3. Feed calves longer. One way to get rid of excess milk is to feed it to calves. Switching to fluid milk from a milk replacer will absorb some production, but have you considered leaving calves on milk longer? Lormore says milking fresh cows four or five days longer and feeding that milk to calves can have several benefits. Not only is that early milk loaded with growth factors, but there’s a lot of research supporting the idea of enhanced performance from eating that milk, he says.
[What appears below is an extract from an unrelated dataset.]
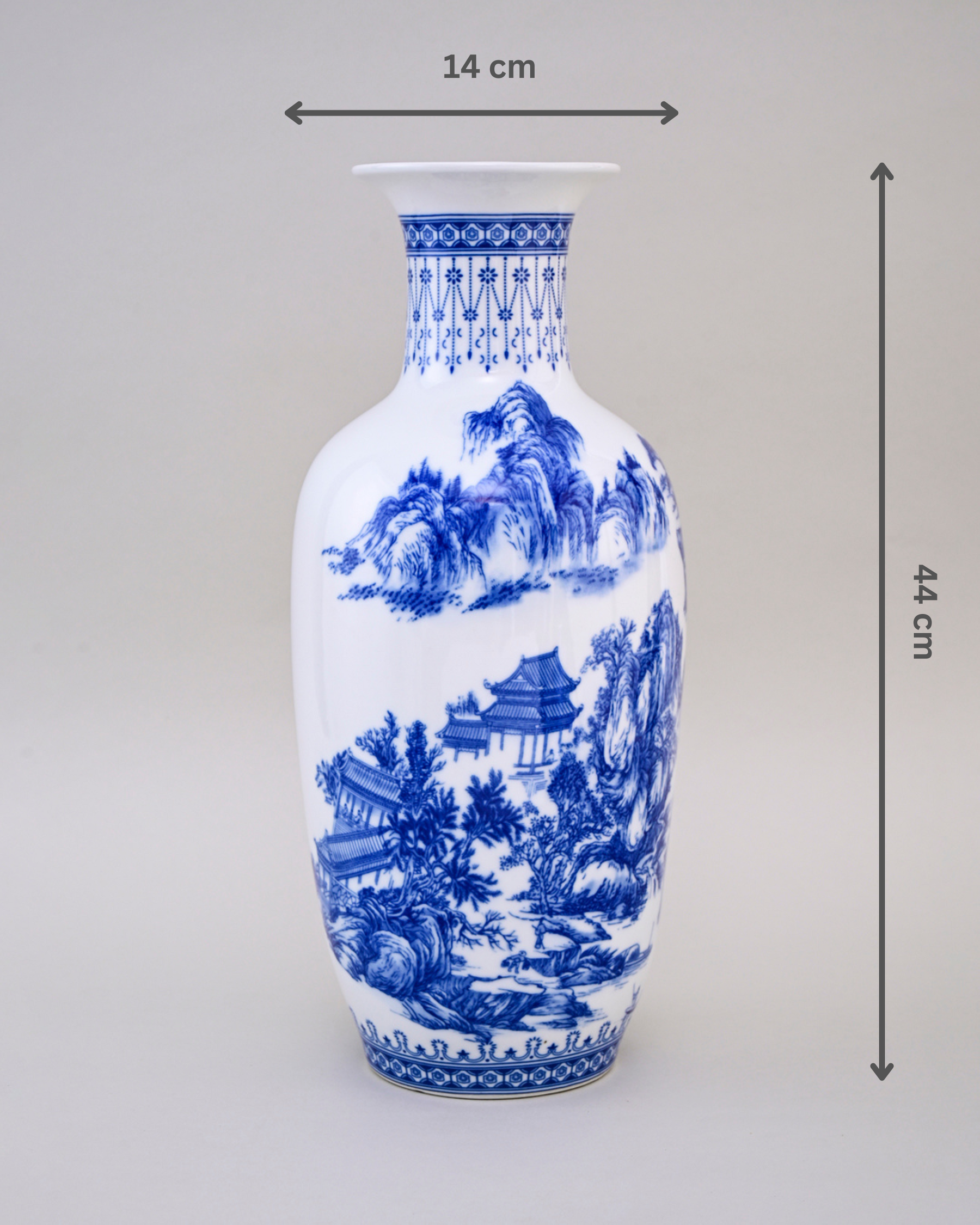 Oriental Blue & White Landscape Flower Vase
“We're looking at opportunities to feed calves whole milk. People are at 48 day weaning now. We'd love to get them to 60 [days] and realistically we think that there's opportunities that people have space and operational capacity to feed calves on whole milk for up to 90 days,” he says. “And that would take two and a half to three gallons of milk out of the system every single day.”

According to Loremore, feeding calves whole milk for up to 90 days provides an opportunity to remove 3 to 4% of the total milk supply.

 

These strategies by the numbers:

In 2019, 9.35 mm milking and dry cows produced 218.3 B lb. of milk. That’s an average of 64 lb./cow/day for all cows. New Goal: Get down 7 lb./cow/day.

Reduce milking frequency from 3x to 2x: (-7) lb./c/d * 75% of the cows in the US = -5.25 lb./c/d

Increase Days Dry by two weeks: reduce days milking by 3.3% and total milk flow by 2.5% = -1.6 lb./c/d

Increase Whole Milk Feeding to Calves: 15,000 heifer calves born per day @ feeding rate of 2.5 G/d for 60 d to 3 G/d for 90 days removes 6.45 to 9.68 B lb./yr. @3% = -1.9 lb./c/d

So, we can get down [5.25+1.6+1.9] = 8.75 lb./c/d or 13.7% without culling any cows

 

Comments
Submitted by Robert Lee on Thu, 04/23/2020 - 13:58

Wouldn't a 4th way to decrease milk production be to change the feeding program to a simple maintenance program. Might reduce milk supply and cut costs for feed.